From http://www.faqs.org/rfcs/rfc3986.html ;

1.1.3.  URI, URL, and URN

   A URI can be further classified as a locator, a name, or both.  The
   term "Uniform Resource Locator" (URL) refers to the subset of URIs
   that, in addition to identifying a resource, provide a means of
   locating the resource by describing its primary access mechanism
   (e.g., its network "location").  The term "Uniform Resource Name"
   (URN) has been used historically to refer to both URIs under the
   "urn" scheme [RFC2141], which are required to remain globally unique
   and persistent even when the resource ceases to exist or becomes
   unavailable, and to any other URI with the properties of a name.

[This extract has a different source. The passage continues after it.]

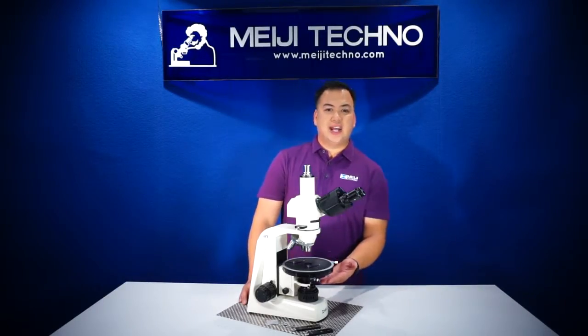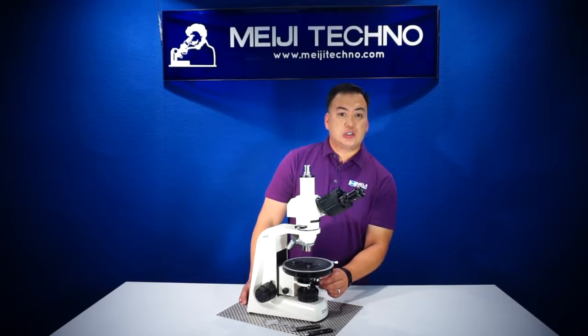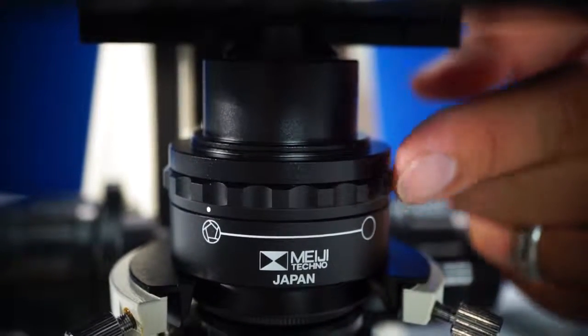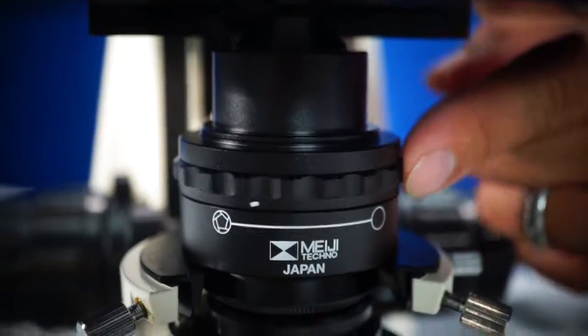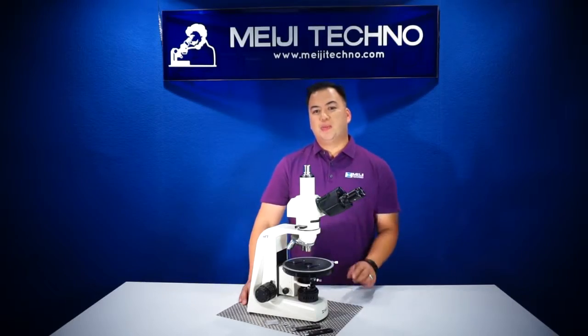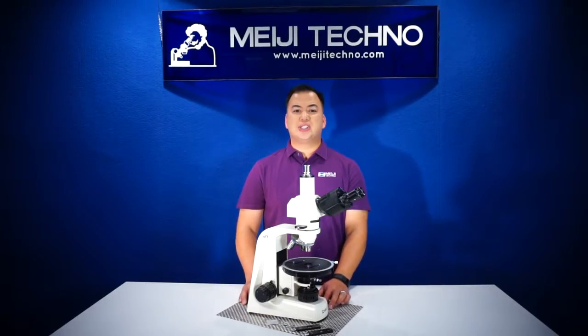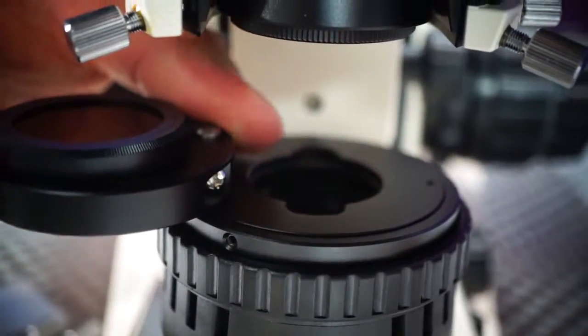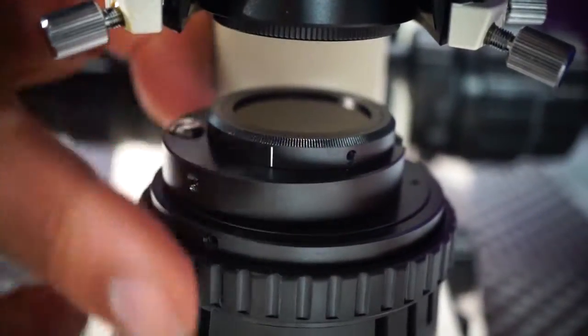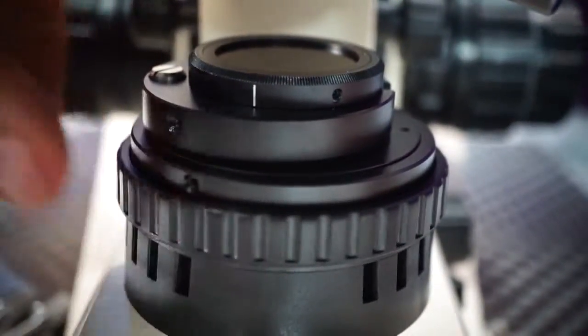Below the stage of the MT-9000 is a centerable strain-free Abbe condenser with a built-in iris diaphragm set up on a dovetail mount. On the bottom of the base, the MT-9000 series comes with a rotatable polarizer, as you can see here, and it also has a detent at 0 to 90 degrees.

   An individual scheme does not have to be classified as being just one
   of "name" or "locator".  Instances of URIs from any given scheme may
   have the characteristics of names or locators or both, often
   depending on the persistence and care in the assignment of
   identifiers by the naming authority, rather than on any quality of
   the scheme.  Future specifications and related documentation should
   use the general term "URI" rather than the more restrictive terms
   "URL" and "URN" [RFC3305].

As you can see, an URI is an identifier, and a URL is a locator
(mechanism for retrieval), and since a URL is a subset of an URI, you
_can_ resolve URIs as well.

> Sure, we have a _sense_ of how the connotation is different, but
> I don't think that sense is actually formalized anywhere.

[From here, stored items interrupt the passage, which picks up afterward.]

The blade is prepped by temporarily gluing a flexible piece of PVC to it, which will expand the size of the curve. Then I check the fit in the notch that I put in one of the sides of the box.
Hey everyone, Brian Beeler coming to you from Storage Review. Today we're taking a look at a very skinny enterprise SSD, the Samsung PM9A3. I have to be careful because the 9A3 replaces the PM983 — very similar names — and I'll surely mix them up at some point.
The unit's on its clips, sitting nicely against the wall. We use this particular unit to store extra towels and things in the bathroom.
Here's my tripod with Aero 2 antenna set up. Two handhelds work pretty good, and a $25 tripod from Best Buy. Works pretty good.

It is, and the same stuff is documented in WikiPedia as well ;

   http://en.wikipedia.org/wiki/Uniform_Resource_Identifier
   http://en.wikipedia.org/wiki/Uniform_Resource_Locator

> I think the sem web crowd actually embraces this confusingness,

No, I think they take it at face value; they(the URIs)  are
identifiers for things, and can be used for just that purpose, but
they are also URLs which mean they resolve to something. What I think
you're coming at is that "something" thing it resolves too, as *that*
has no definition. But then, if you go from RDF to Topic Maps PSIs
(PSIs are URIs with an extended meaning), *that* thing it resolves to
indeed has a definition; it's the prose explaining what the identifier
identifies, and this is the most important difference between RDF and
Topic Maps (and a very subtle but important difference, too).

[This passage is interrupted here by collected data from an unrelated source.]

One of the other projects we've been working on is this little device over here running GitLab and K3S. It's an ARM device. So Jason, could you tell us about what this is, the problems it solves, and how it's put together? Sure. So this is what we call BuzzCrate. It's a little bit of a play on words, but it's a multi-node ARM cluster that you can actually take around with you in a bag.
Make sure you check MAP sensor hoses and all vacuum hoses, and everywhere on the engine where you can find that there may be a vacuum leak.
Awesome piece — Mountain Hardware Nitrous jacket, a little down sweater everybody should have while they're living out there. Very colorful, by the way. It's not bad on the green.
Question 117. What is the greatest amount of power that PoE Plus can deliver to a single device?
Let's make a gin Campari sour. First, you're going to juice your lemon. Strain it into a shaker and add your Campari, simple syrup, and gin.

> they want to have it both ways: Oh, a URI doesn't need to resolve,
> it's just an opaque identifier; but you really should use http URIs
> for all URIs; why? because it's important that they resolve.

I smell straw-man. :) But yes, they do want both, as both is in fact a
friggin' smart thing to have. We all deal with identifiers all the
time, in internal as external applications, so why not use an
indetifier scheme that has the added bonus of adding a resolver
mechanism? If you want to be stupid and lock yourself in your limited
world, then using them as just identifiers is fine but perhaps a bit,
well, stupid. But if you want to be smart about it, realizing that
without ontological work there will *never* be proper interop, you use
those identifiers and let them resolve to something. And if you're
really smart, you let them resolve to either more RDF statements, or,
if you're seriously Einsteinly smart, use PSIs (as in Topic Maps) :).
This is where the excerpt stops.